Sun Jul 1, 2012, 09:05 PM
Jul 2012

Sherry, ginger, garlic, sesame oil should all go in.

Optional is hoisin or oyster sauce, sugar, five spice powder, rice vinegar.

Play with it!

Warpy

(111,277 posts)
6. It's going to taste flat without ginger at the very least.
Sun Jul 1, 2012, 09:41 PM
Jul 2012

Other good additives are crumbled leftover scrambled egg, cubed ham, sliced pea pods, and a tablespoon or so of sherry or rice wine.

grasswire

(50,130 posts)
7. I don't make a sauce as such
Mon Jul 2, 2012, 12:06 AM
Jul 2012

I make a tweaked version adding a pkg of chicken ramen (noodles boiled very al dente first) and its seasoning packet, and add bean sprouts at the very end, and some cashew nuts. To fry, I add grated fresh ginger and minced garlic to the oil. A bit of sesame oil toward the end.

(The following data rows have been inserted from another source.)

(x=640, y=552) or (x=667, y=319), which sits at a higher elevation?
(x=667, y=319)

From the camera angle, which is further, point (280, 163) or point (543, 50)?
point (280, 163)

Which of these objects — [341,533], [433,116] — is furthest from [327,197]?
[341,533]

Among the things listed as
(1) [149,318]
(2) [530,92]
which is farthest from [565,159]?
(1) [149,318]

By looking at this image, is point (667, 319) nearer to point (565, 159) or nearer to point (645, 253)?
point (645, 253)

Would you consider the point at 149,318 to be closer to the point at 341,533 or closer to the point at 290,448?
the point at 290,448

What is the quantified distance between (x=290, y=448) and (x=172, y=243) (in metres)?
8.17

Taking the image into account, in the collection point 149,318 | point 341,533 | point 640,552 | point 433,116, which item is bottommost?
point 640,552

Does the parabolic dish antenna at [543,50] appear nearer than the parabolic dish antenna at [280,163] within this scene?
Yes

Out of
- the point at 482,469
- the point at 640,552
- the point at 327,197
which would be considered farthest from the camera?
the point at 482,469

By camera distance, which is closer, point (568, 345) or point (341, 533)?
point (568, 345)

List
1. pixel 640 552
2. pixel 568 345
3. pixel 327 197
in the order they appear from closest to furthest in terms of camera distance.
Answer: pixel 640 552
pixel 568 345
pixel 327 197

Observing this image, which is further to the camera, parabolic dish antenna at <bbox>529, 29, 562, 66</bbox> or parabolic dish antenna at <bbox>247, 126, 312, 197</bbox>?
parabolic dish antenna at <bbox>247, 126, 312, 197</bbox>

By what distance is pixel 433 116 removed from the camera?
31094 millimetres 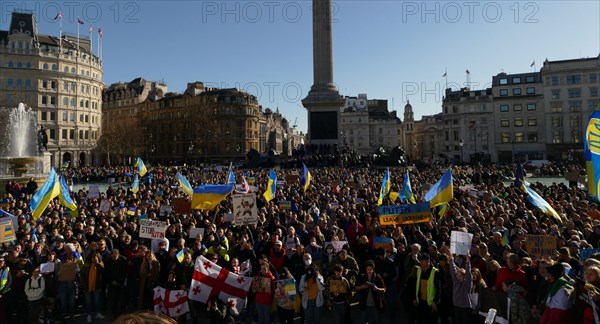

I know it's not classic. Classic would be (IMO) green onion, diced cha siu (BBQ pork), egg, soy.

pinto

(106,886 posts)
8. I'll echo sesame oil. Also ginger and garlic.
Mon Jul 2, 2012, 09:52 AM
Jul 2012

An FYI re: Five Spice powder - a little bit goes a long way. Have fun!

 

HopeHoops

(47,675 posts)
9. Cook it in sesame oil instead of peanut and try flavorings like dulse and cashews.
Mon Jul 2, 2012, 10:44 AM
Jul 2012

Dulse tastes really salty, but it is very low in sodium. It's packed full of trace minerals and that's why it tastes salty. Instead of soy sauce, use tamari, shoyu, or miso. If you can't handle wheat products, stay away from tamari. The three I listed have strong flavors but not as much sodium. I usually throw in mushrooms, carrots peelings, even apple chunks. Get creative. Also, try using chunk-cut firm tofu or tempeh instead of chicken. They add body, soak up the sauce, and give the rice more body. Chicken needs to be soaked out the wazoo to get it to taste like anything. A marinade of soy sauce, olive oil, and spices of your choice will help any of the chunks. It only takes an hour to be effective. The remaining liquid can be added to the rice if it needs more fluids. Also, use brown rice, not jasmine. Pre-cook it (15 minutes covered, stir once, 10 minutes covered). It will crisp up nicely in the oil. I also like to drop an egg into the mixture as it approaches completion. Old habit.



surrealAmerican

(11,362 posts)
10. Definitely ginger and garlic ...
Mon Jul 2, 2012, 03:26 PM
Jul 2012

... (fresh, if you have them), and also a bit of lemon juice - not so much that it will taste "lemony", but just enough to round out the flavor.